In conclusion, feature flags meet the requirement of the Harvest Delivery team to have control over the rollout status of each microservice independently. If issues arise from a new microservice, then feature flags enable the microservice to be “switched off” in real-time, without the need for redeployment. This allows Harvest Delivery to minimize any user disruption during the architectural changes, which reduces revenue losses and reputation impact. Moreover, Harvest Delivery can rollout microservices to a specified percentage of users, enabling analytics on the new service to be collected.

2.3 Feature Flags as a Solution

Harvest Delivery has decided to move forward with using feature flags to assist in their migration from a monolith to a microservices architecture. This section outlines how Harvest Delivery could integrate feature flags into their existing system.

2.3.1 Developing a Feature Flag Service In-house

Harvest Delivery could choose to develop its own feature flag service. One naive approach would be to maintain a simple feature flag rule set within their application code as a configuration file. However, this would require re-deployment any time the team wished to toggle a feature on or off, or update the rollout percentage. Ultimately, this would negate the benefit of using feature flags.

A more robust solution would be for the Harvest Delivery engineering team to build a true feature flag management system that would allow flags to be updated and dynamically evaluated without re-deploying any code. However, this would require engineering hours to build, test, and maintain the service. Harvest Delivery is a small team without excess engineering resources to devote to such a project. Additionally, the CTO prefers to move quickly into the transition to microservices, rather than waiting for an additional tool to be developed. A third-party solution that will work out-of-the-box is a better fit for the small, fast-moving team.

2.3.2 Existing Third-Party Solutions

Harvest Delivery requires an easy-to-use solution for their fast-moving team. The existing third-party solutions are evaluated below.

  • Launch Darkly

    LaunchDarkly is an enterprise-level feature management service. It’s a feature-rich, hosted service that includes a wide variety of features. However, because it is proprietary software, it comes at a monetary cost. For Harvest Delivery, LaunchDarkly’s plethora of features is beyond their needs.

  • Cloud Bees

    CloudBees is another hosted service with proprietary software. It provides end-to-end DevOps features, which may be a great fit for larger teams with a focus on DevOps. Unfortunately, Harvest Delivery is a small team and is not concerned with the wide variety of DevOps tools CloudBees provides.

  • FeatureHub

    FeatureHub is an open-source, self-hosted service. Because it is open-source, it can be customized to fit the unique needs of the team. FeatureHub focuses on feature flags for both client-side and server-side features. It offers an array of different flag types, along with complex logic allowing for organizations, users, and a variety of feature sets; the robust features and permissions management make it less accessible for a small team like Harvest Delivery.

  • 2.3.3 Thoughts on Existing Third-Party Solutions

    Enterprise solutions have a large array of financially costly DevOps services that may strain a small, regional organization like Harvest Delivery.

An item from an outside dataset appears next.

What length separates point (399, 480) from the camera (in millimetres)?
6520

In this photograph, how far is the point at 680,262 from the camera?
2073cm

Existing open-source solutions are complicated by focusing on client-side features evaluated in the browser and a litany of complex features including user permissions and service accounts. A small business like Harvest Delivery doesn’t need the extra expenses of an enterprise service or the unnecessary complexity that other offerings entail.

3. Introducing Pioneer

The limitations of the third-party solutions have led the Harvest Delivery team to pursue a new feature flag management system that fits their requirements perfectly: Pioneer.

3.1 What Is Pioneer?

Pioneer is an open-source, self-hosted feature flag management service that aids in the transition from a monolithic to microservices architecture. Feature flags can be used to roll out new services to all users, or an assigned percentage of users, and can easily be toggled on/off with a single click. These feature flags, and any updates made to them, are propagated to the client application in real-time, in an asynchronous and fault-tolerant manner.

3.2 Revisiting the Problem

Pioneer is a lightweight software that will allow Harvest Delivery to test and migrate their new microservices in a production environment under increasing load, without having to make any additional changes to their infrastructure, such as cloning the production environment.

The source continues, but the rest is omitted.